■ About this task
Print back every record below, exactly as it stands.

■ Stored records
..............................

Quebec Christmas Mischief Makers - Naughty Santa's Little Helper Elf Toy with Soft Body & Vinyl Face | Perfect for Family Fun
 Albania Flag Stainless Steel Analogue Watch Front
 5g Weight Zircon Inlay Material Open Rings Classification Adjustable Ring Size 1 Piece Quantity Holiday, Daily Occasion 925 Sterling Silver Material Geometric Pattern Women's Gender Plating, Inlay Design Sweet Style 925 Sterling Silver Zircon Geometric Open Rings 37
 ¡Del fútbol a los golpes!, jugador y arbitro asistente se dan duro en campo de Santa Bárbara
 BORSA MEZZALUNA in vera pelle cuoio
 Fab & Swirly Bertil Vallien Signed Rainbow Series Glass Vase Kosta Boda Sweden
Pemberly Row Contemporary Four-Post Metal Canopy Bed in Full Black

..............................

■ Exercise response
Quebec Christmas Mischief Makers - Naughty Santa's Little Helper Elf Toy with Soft Body & Vinyl Face | Perfect for Family Fun
 Albania Flag Stainless Steel Analogue Watch Front
 5g Weight Zircon Inlay Material Open Rings Classification Adjustable Ring Size 1 Piece Quantity Holiday, Daily Occasion 925 Sterling Silver Material Geometric Pattern Women's Gender Plating, Inlay Design Sweet Style 925 Sterling Silver Zircon Geometric Open Rings 37
 ¡Del fútbol a los golpes!, jugador y arbitro asistente se dan duro en campo de Santa Bárbara
 BORSA MEZZALUNA in vera pelle cuoio
 Fab & Swirly Bertil Vallien Signed Rainbow Series Glass Vase Kosta Boda Sweden
Pemberly Row Contemporary Four-Post Metal Canopy Bed in Full Black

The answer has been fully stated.